Methods: 34 healthy volunteers (7 female, 27
male) were recruited for the study. Blood was
taken before the start (at registration) and
immediately after completion of the marathon. Samples were
analysed for urea and electrolytes, liver function
tests, creatine kinase (CK), CK-MB isoenzyme,
myoglobin, troponin I, full blood count, a clotting
screen, and D-dimers. The results before and
after exercise were compared. Pearson’s correlation coefficients
were calculated for all variables.
Results:
Significant increases were found in CK, CK-MB, aspartate
aminotransferase (AST), lactate dehydrogenase (LDH),
and myoglobin following the marathon. However,
there was no significant change in the level
of troponin I. There was also evidence of activation
of the coagulation and fibrinolytic cascades following
the marathon, with a reduction in activated partial
thromboplastin time, a reduction in fibrinogen,
and an increase in D-dimers.
Conclusions:
The results confirm previous individual studies
on marathon running and the biochemical and haematological
tests routinely carried out in hospital. These
are affected by prolonged exercise, and "abnormal"

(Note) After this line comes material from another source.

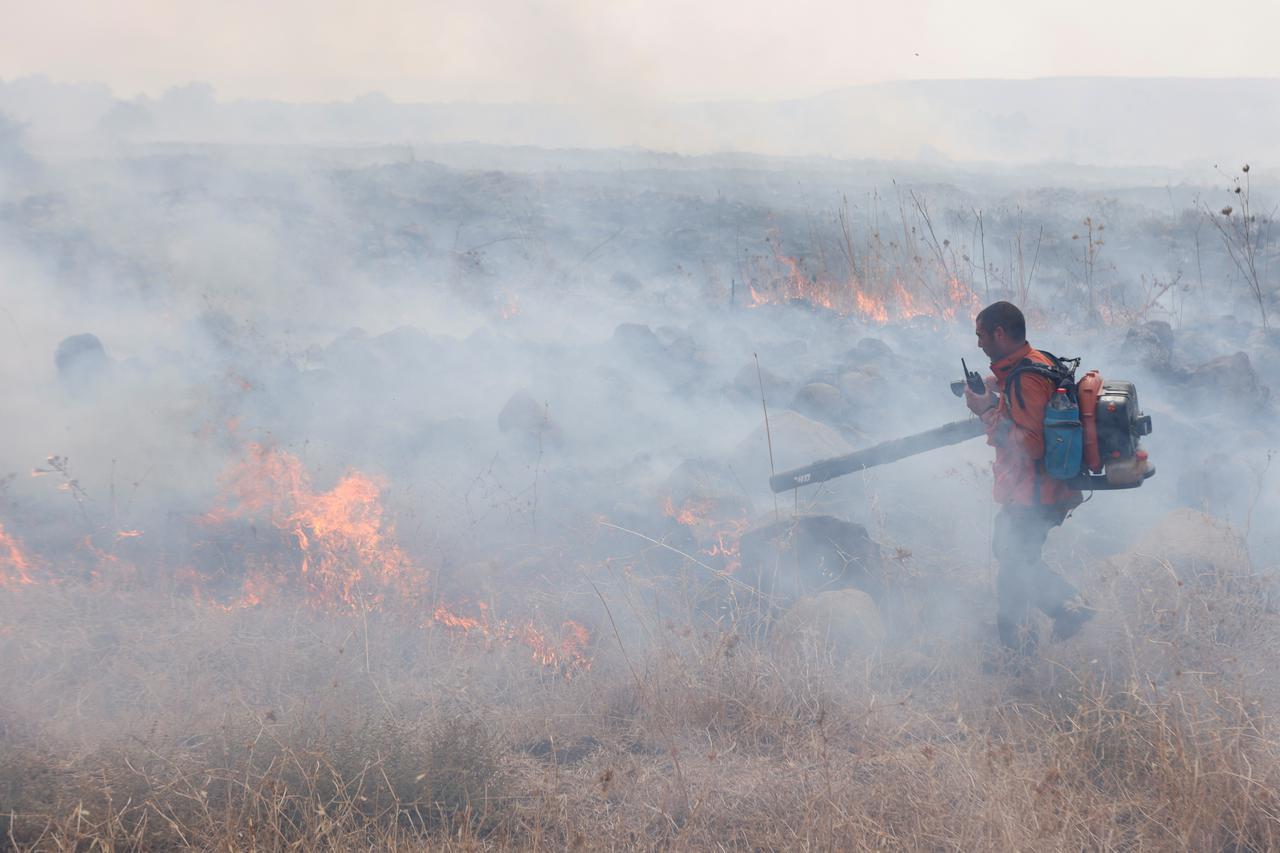 A man attempts to extinguish flames following a rocket attack from Lebanon, in the Israeli-occupied Golan Heights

results in these tests may be normal after prolonged
exercise and therefore not diagnostic of a disease
process. The results of investigations in patients
who have been exercising should be interpreted
with caution. Biochemical and haematological
measurements form the basis of the initial investigation
of several clinical problems in patients who
may have undertaken recent exercise, including cardiac chest
pain, exertional heat stroke, and thromboembolic disease.
The traditional markers of cardiac damage are the
enzymes creatine kinase (CK), aspartate aminotransferase
(AST), and lactate dehydrogenase (LDH), but recently,
more specific markers of myocardial damage have
been identified. These include the CK-MB isoenzyme, myoglobin,
and cardiac troponins. Many emergency departments
and chest pain assessment units use measurement
of these variables to rule out or rule in myocardial
infarction.1
In patients with suspected thromboembolic disease
in the form of pulmonary embolism or deep vein
thrombosis, clinical risk stratification occurs
in conjunction with investigation. Many protocols
for the investigation and treatment of patients with
possible deep vein thrombosis or pulmonary embolism
include measurement of D-dimers as part of the
investigative process.2,3
It has been shown that exercise may influence the
results of these investigations in asymptomatic
healthy subjects, particularly if the exercise
is prolonged or strenuous.4,5
Many of the studies in this area have used laboratory
based subjects. In the present study, we aimed
to quantify these effects in a group of runners
completing the Flora London marathon on 14 April 2002.